Domènech se marcha porque la convivencia con Ada Colau es más difícil que con la señora Roper, porque nunca tuvo autoridad, porque añoraba su escaño de diputado en Madrid... y por razones personales. Que son las razones políticas, pues no hay manera de desvincular las unas de las otras en la sobrecarga emocional de la cuestión catalana. No hay caminos intermedios ni zonas grises en la polarización del dogma constitucional y la autodeterminación. Y la tercera vía es la vía muerta que ya aloja los cadáveres políticos de Coscubiella, Santi Vila, Durán, incluso Lleida, si me apuráis, tal como escribía esta mañana Alberto Lardíes en El Español.
Domènech era el clásico candidato que le gustaba a todo el mundo y al que nadie votaba, más todavía en estos tiempos y de ardores militares. Y Domenech era un sentimental. Besó los labios de Iglesias emulando el cuadro iconoclasta de Breznev y Honecker. Y lloró como un extra de 'Titanic' cuando fueron conducidos los Jordis a la cárcel, aunque el aspecto más inquietante de su trayectoria consistió en su "relación" fetichista con Margaret Thatcher.

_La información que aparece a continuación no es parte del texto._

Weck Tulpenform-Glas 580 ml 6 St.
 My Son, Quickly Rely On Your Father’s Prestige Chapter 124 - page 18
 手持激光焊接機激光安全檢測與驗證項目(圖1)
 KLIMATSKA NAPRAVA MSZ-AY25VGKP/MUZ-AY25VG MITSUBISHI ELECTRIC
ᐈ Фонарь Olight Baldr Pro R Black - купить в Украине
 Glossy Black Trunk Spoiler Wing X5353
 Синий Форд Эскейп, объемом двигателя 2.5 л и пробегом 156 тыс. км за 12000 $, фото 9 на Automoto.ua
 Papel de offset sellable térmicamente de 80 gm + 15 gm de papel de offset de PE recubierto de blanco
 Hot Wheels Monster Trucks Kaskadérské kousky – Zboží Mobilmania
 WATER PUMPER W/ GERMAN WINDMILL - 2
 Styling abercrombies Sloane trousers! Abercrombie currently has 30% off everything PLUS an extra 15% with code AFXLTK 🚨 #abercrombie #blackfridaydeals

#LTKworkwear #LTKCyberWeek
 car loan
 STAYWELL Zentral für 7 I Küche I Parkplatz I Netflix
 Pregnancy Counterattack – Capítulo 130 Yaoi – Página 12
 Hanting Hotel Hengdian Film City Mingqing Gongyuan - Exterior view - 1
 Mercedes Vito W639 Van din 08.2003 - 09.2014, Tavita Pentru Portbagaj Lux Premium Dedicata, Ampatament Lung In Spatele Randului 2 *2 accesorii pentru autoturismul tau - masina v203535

Cada uno tiene sus misterios subconscientes y sus traumas infantiles. No voy a mencionar el tuyo con Torrebruno, aunque lo estoy mencionando. Ni el de Rafa Latorre con Espinete. Ni el mío con Marhuenda. Y sí voy a decir que Domènech era, como todos los candidatos, era el reflejo de sus votantes. Por eso siempre aspiraba a conseguir el voto de... los indecisos. Y por esa razón, puestos a decidir, ha decidido marcharse.